How Do Generative Pre-Trained Transformers (GPTs) Work Under the Hood?
I watched a YouTube video on how large language modles work under the hood. Specifically, the YouTube channel 3Blue1Brown visually explained what happens inside a large language model transformer.
The following post contains my notes! Hope you enjoy.
Lets Breakdown The Words “Generative Pre-trained Transformer”
Generative
Generative refers to bots that can generate new text
Pre-trained
Refers to how the model learned from a massive amount of data. The prefix “pre” also implies that the model can be further trained on new data.
Transformer
A transformer refers to a specific type of machine learning model called a neural network. This is the core invention that is powering the current AI hype.

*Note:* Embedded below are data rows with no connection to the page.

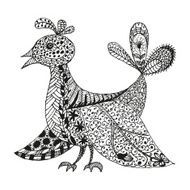 Vintage fantasy stylized bird N2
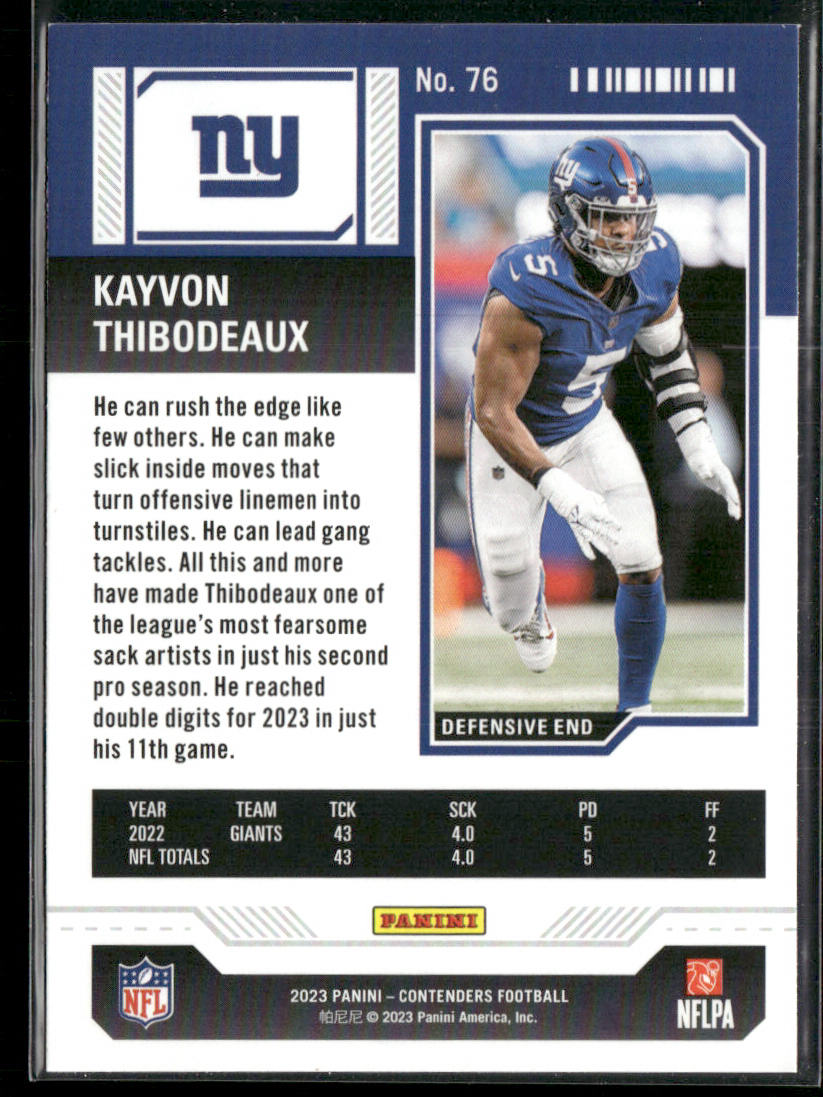 Kayvon Thibodeaux 2023 Panini Contenders Game Ticket Bronze #76 New York Giants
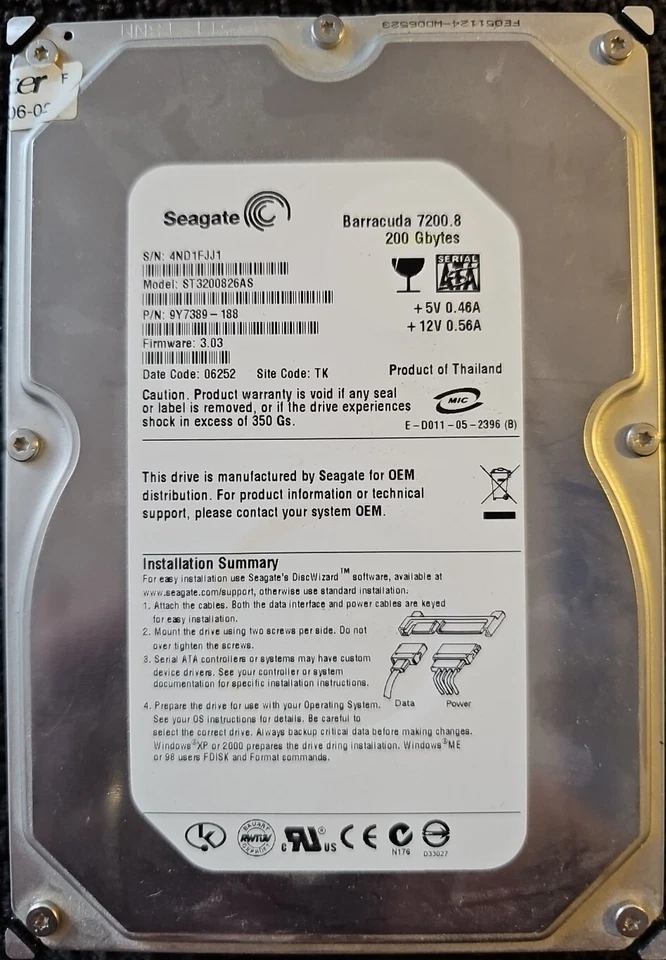 FESTPLATTE SEAGATE BARRACUDA 7200.8 ST3200826AS 200GB 7.2K 8MB SATA 3.5''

It’s worth nothing that you can build many types of models using transformers such as
- voice to text - take in audio and produce a transcript
- text to voice - produce synthetic speech from text
- text to image - produce an image from text description
- translate text to another language - first transformer created by google
The rest of this post will focus on a transformer that takes a text prompt and produces a prediction for what should come next.
How Does Data Flow Through a Transformer?
The Input is Broken Up Into Pieces called Tokens
Tokens aren’t always whole words. They can be pieces of words or the word themselves.
Each Token is Associated with a Vector
The vector is meant to encode meaning for each piece.
Words with similar meanings tend to land on vectors that are close to each other.
The Sequence of Vectors is Passed Through an Attention Block
The attention block allows vectors to communicate with each other and update their values. That is, the attention block is responsible for figuring out which words in the context are relevant for updating the meaning of other words and how they should be updated.
For example, the meaning of the word model will be different in the phrase A machine learning model vs the phrase A fashion model .
The Vectors Pass through a Multilayer Perceptron
The vectors go through the same operations in parallel.
This step is like asking a long list of questions for each vector and then updating them based on the answers to the questions.
The Essential Meaning of the Input Should be Baked into the Last Vector
The vectors will pass through many attention and multilayer perceptron blocks.
Eventually, an operation is performed on the last vector which should provide a probability distribution over all possible tokens.
Then you repeat over and over slightly smiling 😁.
The Premise of Deep Learning
Deep Learning is one approach to Machine Learning. Machine Learning can be described as any model where you are using data (input) to somehow determine how a model behaves.
Deep learning models all use the same training model called Backpropagation.